“Flash of unstyled base class”

This week I ran into an interesting bug in the unit tests for some multithreaded code. The setup for the test involved a “process status daemon” that (in production) polled some global state once per second, and also provided some auxiliary functions that we wanted to test. The “once per second” code came from an old and widely-used internal helper library. In this retelling, I’ve taken the liberty of updating it for C++20:

class OncePerSecond {
    std::thread t_;
    std::binary_semaphore sem_{0};
    bool stopped_ = false;

    virtual void do_action() { }

public:
    explicit OncePerSecond() {
        t_ = std::thread([this]() {
            do {
                do_action();
            } while (!sem_.try_acquire_for(std::chrono::seconds(1)));
        });
    }
    void stop() {
        if (!std::exchange(stopped_, true)) {
            sem_.release();
            t_.join();
        }
    }
    virtual ~OncePerSecond() { stop(); }
};

To use this OncePerSecond gadget, you derive from it and override the do_action method to do whatever-it-is that you want to do.
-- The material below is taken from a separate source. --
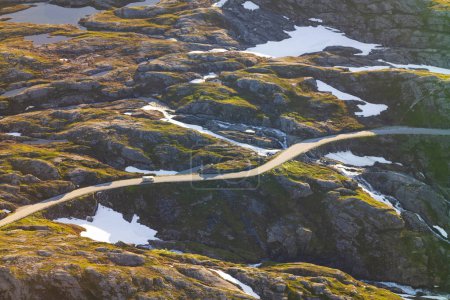 Foto de El camino hacia el mirador de fiordos más alto de Europa, Dalsnibba, Noruega, que domina la ciudad de Geiranger desde el Skywalk y está a 1500 metros sobre el nivel del mar, que se muestra aquí al atardecer.. - Imagen libre de derechos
For example:

int *production_state;

class StatusDaemon : public OncePerSecond {
    std::map<int, int> config_;
    void do_action() override {
        printf("The global state is %d\n", *production_state);
    }
public:
    int config_size() const { return config_.size(); }
};

Creating an instance of StatusDaemon kicks off a background thread that prints “The global state is…” every second. (In production, of course, you’d initialize production_state to point to something before you created your StatusDaemon object.) Destroying the StatusDaemon object cleans up its thread.

The segfaulting unit test

Now, one of the GTest unit tests for this component was segfaulting. So I took a look at it:

class NeuteredStatusDaemon : public StatusDaemon {
    void do_action() override { }
};

TEST(StatusDaemon, config_starts_empty) {
    NeuteredStatusDaemon sd;
    EXPECT_EQ(sd.config_size(), 0);
}

Maybe one in every 100 or 1000 times, this test segfaults! Do you see the problem?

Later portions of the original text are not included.